23 Nisan Ulusal Egemenlik ve Çocuk Bayramı Draması



Öğretmen çocuklara 23 NİSAN, T.B.M.M ve orada bulunan milletvekilleri hakkında ve yaptıkları iş hakkında bilgi verir.“Siz milletvekili olsaydınız, çocuklar için, ülkede neleri değiştirmek neleri güzelleştirmek isterdiniz? Diye sorar.
Çocukların cevaplarının ardından sınıfa bir meclis ortamı oluşturularak canlandırmalar yapmaları, belirlenen bir konuyu tartışmaları, kararlar almaları sağlanır.

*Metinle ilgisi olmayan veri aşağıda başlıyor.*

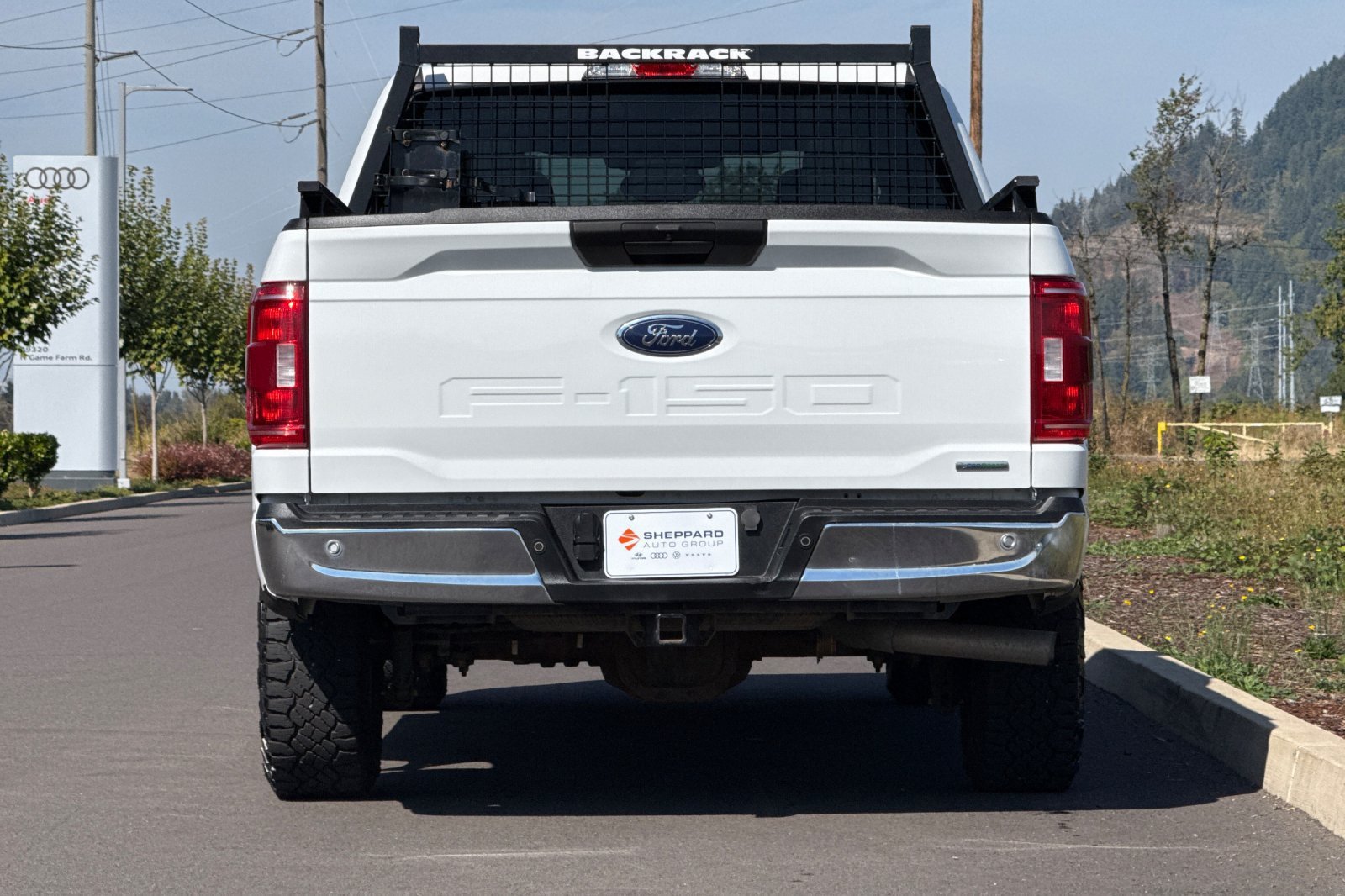 Used 2023  Ford XLT image 4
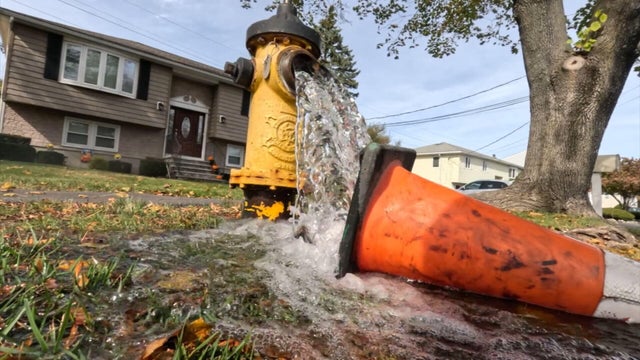 waltham-watermain-floods-home-pkg-frame-767.jpg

Ben bu dramayı, 6 yaşla yaptım. Benim çocuklardan aldığım, beni de şaşırtan ve mutlu eden, yanıtlardan bazıları şunlar:

  • Tüm çocuklara doğum günü partisi yapılsın. Doğum günü kutlanmayan çocuk kalmasın! Devlet onlara hediye göndersin :)
  • Sokak çocukları için ev yapılsın. Sokakta üşümesinler!
  • Yeşil alanlar yapılsın. Bu yeşil alanlara çocuklar çiçek eksinler.
  • Çocuklara ATATÜRK'ün kim olduğu öğretilsin!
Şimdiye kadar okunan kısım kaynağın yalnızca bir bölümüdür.